Free data sources from data.world

Sometimes its hard to find good data source when you make some side projects especially when you want to use survey data. I found an interesting site called data.world. There are more than thousand database freely available after registration.

It has a cool feature: you can export the data directly to R, so you do not need to download it to your local drive.

However sometimes it is tricky to use this function because the file format is not always .csv as it assumes, but of course you can use the link of the data source in this case.

Here is a minimal example how you can use it:

library(openxlsx)
library(googleVis)

# set working directory where you want to download the database
# setwd("C:/Users/yourName/Desktop")

download.file("https://query.data.world/s/9k1dnvrr5ykop5r89vnhwb7na", "database.xlsx", mode="wb")

# load the data with the openxlsx package
db = read.xlsx("database.xlsx", startRow = 1, colNames = TRUE)

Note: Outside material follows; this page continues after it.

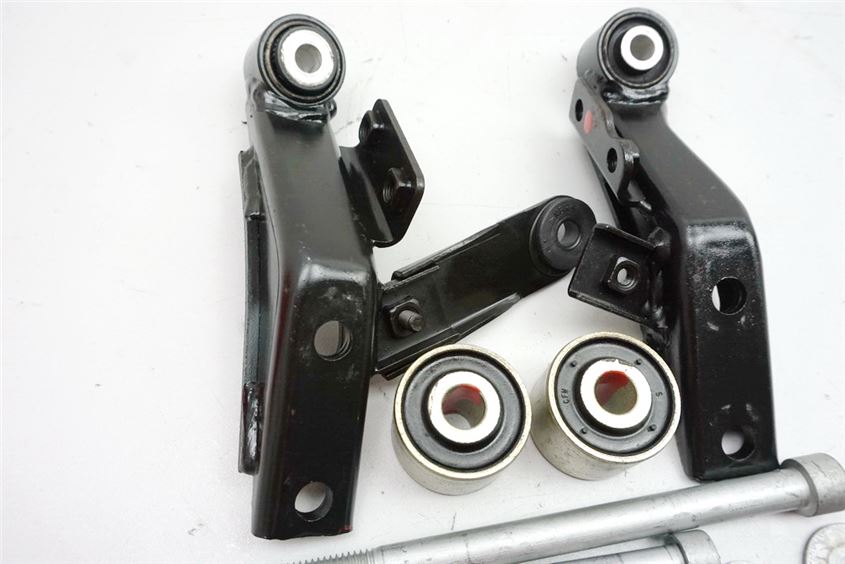 BMW K 1200 RS K12 MOTORHALTER ACHSE BOLZEN MOTOR HALTERUNG BUCHSEN DISTANZEN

# aggregate the data to a County level
db = aggregate(db[,"POP2010"], by=list(db[,"STNAME"]), FUN=sum, na.rm = TRUE)

# plot it with googleVis package
GeoStates <- gvisGeoChart(db, "Group.1", "x",
                          options=list(region="US",
                                       displayMode="regions",
                                       resolution="provinces",
                                       width=600, height=400))
plot(GeoStates)